Building the biggest scientific databases
This story first appeared in SLAC Today on September 16, 2009.
The third annual Extremely Large Databases Workshop took place in Lyon, France, in late August, 2009—the first year that the workshop has taken place away from its roots at SLAC National Accelerator Laboratory. SLAC database engineer Jacek Becla and his team members Kian-Tat Lim and Daniel Wang organized the event, co-locating it with the 35th Very Large Database research conference. This year's XLDB Workshop focused on reaching out to non-US communities and scientific communities, such as geoscience, radio astronomy, and biology, that have been underrepresented at the past workshops.
Two years ago, Becla established the invitation-only Extremely Large Databases Workshop series to bring together scientific and commercial users of extremely large databases, two groups that Becla said previously had very little contact on this issue. He also invited members of academia and database manufacturers to discuss advances in database technology and, most importantly, let them hear about problems that users are having or features they'd like to see in future database engines.
Previous XLDB workshops led to the creation of a project to build a new open-source database engine, called SciDB, geared specifically toward complex scientific analysis at extremely large scales. When SciDB is released, Becla said, it will revolutionize the way scientific analyses are done. The SciDB project has already attracted more than 20 database professors and engineers world-wide who are collaboratively designing and building the software. These include database giants Michael Stonebraker and David DeWitt, who pioneered database research and helped create technologies such as those used in today's automatic teller machines. The group demonstrated an early prototype of SciDB to several hundred people at the Very Large Database conference and again at the XLDB workshop.

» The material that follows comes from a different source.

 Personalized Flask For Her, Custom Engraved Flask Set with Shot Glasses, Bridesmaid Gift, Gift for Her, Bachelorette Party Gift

"The system we are building is very different [than commercially manufactured databases]," Becla said. "We finally understand well what science's needs are, and we are building an engine that will fully address these needs, taking advantage of numerous commonalities between how different science domains want to ultimately analyze their data sets."
Today's extremely large systems are measured in petabytes. One petabyte, or one million billion bytes is non-trivial to manage. As one blogger explained, if one letter of text represented one byte, a petabyte-long line of letters in a typical font size would stretch from the Earth to the Sun ten times. As unfathomable as that number is, science experiments such as BaBar and internet companies such as Google or eBay are already producing petabytes of data, and the software must keep up. Becla's team, who built the BaBar database are now responsible for the design of the Large Synoptic Survey Telescope database, estimates that the LSST will generate more than one hundred petabytes of data.

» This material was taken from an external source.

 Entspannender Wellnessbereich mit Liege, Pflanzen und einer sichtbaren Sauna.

More and more scientific disciplines are acquiring such massive amounts of data and need software to store, share, and process it, but commercial database manufacturers don't produce systems that can handle these extremely large datasets at reasonable cost and performance levels. As a result, XLDBs are typically built in-house using custom software, making them more expensive to develop and maintain. Becla began the workshop to provide a forum for sharing solutions to these problems.
The XLDB workshops include very few presentations. Instead, attendees come prepared to discuss in open forum specific issues in the field. The results of this kind of discussion have been tremendously positive, Becla said, and, as the open source SciDB database system shows, highly productive.